Photo by Kawê Rodrigues on Unsplash

What My Father Told Me After He Died

One morning, I received a call at work from my wife, telling me my father had passed away in the night. Many of us lived in the same house, including my mom, who was my dad’s main caregiver. But on that day, I had left for work before anyone else was awake. As I drove away that morning, I didn’t know my dad was already gone.

We were not prepared for his death, neither mentally nor financially, and there was an incredible amount of emotion involved in every step we undertook to give my father a funeral back in our hometown. For me, it was a non-stop whirlwind of decision-making. There was never a time for me to grieve for him properly. Before I knew it, everything was over, and I was back home and back to work.

My family had been taking care of my dad for the previous seven years. My dad had been paralyzed on his right side due to a stroke eight years earlier. He had lost his ability to speak and could only make a few one-syllable sounds. It was hard on all of us, doing our best to take care of him, but I know it was hard on him, too. I could feel it.
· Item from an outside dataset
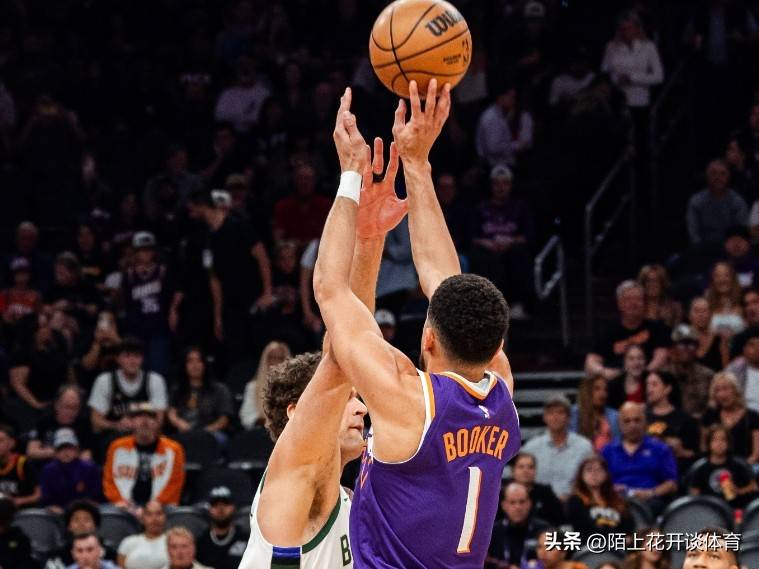 开云下载-奇才强势雄鹿，布克送出助攻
One day after work, I had gone into his room to visit with him. I told him about my day, and the whole time, he nodded his head, listening. When I was done, he started talking to me using his one-syllable word “my.” He repeated it over and over again. He became excited, nodding his head and gesturing with his left hand.

I looked into his eyes, and I could tell for a moment he really believed he was making himself understood to me. Then suddenly he stopped. He forced out a little laugh and shook his head. His “mys” came out slower, and then he lifted his right hand with his left and let it drop onto his thigh. He looked up at me, shook his head again, and slowly let out a single “my.”

I got up out of my chair and walked over to get closer. I put my hand on his shoulder and spoke to him.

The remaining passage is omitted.